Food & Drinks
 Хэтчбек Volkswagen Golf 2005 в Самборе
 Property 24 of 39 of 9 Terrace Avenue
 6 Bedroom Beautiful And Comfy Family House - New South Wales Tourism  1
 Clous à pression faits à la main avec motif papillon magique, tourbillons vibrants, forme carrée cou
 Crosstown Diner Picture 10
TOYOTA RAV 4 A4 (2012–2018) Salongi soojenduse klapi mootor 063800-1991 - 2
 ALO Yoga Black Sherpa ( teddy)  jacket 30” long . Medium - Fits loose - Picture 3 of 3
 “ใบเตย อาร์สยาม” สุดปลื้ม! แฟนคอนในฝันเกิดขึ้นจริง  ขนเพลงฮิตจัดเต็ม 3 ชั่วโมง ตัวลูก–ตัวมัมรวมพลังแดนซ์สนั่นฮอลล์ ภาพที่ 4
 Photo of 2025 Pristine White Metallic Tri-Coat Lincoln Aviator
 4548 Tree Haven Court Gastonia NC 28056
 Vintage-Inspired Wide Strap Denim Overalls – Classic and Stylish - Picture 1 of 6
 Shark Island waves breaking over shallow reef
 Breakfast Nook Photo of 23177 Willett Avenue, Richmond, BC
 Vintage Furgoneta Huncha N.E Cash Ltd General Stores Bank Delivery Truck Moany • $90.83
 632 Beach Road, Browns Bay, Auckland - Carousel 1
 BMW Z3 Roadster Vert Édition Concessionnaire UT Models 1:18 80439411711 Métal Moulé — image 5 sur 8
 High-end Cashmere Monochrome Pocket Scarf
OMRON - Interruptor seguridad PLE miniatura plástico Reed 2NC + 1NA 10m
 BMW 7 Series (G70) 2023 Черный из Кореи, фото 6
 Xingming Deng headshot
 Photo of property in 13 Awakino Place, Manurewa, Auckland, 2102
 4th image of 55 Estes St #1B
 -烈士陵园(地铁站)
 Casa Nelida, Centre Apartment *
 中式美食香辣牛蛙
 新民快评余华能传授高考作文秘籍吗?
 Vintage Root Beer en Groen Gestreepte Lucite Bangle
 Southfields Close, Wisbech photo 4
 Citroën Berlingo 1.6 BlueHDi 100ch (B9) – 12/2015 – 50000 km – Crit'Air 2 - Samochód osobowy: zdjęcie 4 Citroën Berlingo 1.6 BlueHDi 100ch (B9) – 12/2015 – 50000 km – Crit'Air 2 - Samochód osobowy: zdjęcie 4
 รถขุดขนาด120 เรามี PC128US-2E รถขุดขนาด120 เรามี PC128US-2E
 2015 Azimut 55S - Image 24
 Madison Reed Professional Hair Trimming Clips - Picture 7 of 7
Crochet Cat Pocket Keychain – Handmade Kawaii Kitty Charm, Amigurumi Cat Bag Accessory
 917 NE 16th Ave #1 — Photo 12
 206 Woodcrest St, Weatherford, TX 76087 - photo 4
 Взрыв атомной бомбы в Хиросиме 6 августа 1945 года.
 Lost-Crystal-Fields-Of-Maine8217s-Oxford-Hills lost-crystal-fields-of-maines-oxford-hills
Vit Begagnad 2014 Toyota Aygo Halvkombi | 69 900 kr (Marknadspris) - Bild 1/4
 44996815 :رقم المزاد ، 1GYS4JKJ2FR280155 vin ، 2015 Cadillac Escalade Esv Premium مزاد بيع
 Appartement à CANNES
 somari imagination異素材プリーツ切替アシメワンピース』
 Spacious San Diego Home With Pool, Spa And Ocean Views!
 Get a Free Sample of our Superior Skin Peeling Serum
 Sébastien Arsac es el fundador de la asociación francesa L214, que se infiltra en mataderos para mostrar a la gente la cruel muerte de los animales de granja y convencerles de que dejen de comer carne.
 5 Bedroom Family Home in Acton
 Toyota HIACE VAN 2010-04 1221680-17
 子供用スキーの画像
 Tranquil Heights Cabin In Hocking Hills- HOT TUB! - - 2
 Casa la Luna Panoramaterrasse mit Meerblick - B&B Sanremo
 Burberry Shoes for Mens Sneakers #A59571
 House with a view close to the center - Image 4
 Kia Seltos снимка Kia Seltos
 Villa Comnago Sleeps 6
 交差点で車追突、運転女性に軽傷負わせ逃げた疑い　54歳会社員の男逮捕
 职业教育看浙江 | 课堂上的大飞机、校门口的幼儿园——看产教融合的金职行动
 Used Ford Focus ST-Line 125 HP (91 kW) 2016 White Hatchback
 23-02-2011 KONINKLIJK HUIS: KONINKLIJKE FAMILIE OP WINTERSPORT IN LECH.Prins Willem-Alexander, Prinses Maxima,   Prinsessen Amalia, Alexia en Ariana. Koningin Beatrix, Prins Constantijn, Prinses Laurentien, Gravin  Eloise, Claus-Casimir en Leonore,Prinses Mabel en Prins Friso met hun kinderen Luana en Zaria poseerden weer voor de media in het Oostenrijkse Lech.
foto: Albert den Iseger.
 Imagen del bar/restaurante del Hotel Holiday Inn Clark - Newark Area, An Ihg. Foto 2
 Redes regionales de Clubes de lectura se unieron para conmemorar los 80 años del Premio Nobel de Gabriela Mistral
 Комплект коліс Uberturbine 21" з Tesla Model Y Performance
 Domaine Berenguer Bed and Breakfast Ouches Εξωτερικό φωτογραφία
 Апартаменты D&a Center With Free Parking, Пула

-------

■ **What to work on**
Only lines that hold the string "Bedroom" belong in the answer, so copy every one of them from the records.

■ **Written solution**
 6 Bedroom Beautiful And Comfy Family House - New South Wales Tourism  1
 5 Bedroom Family Home in Acton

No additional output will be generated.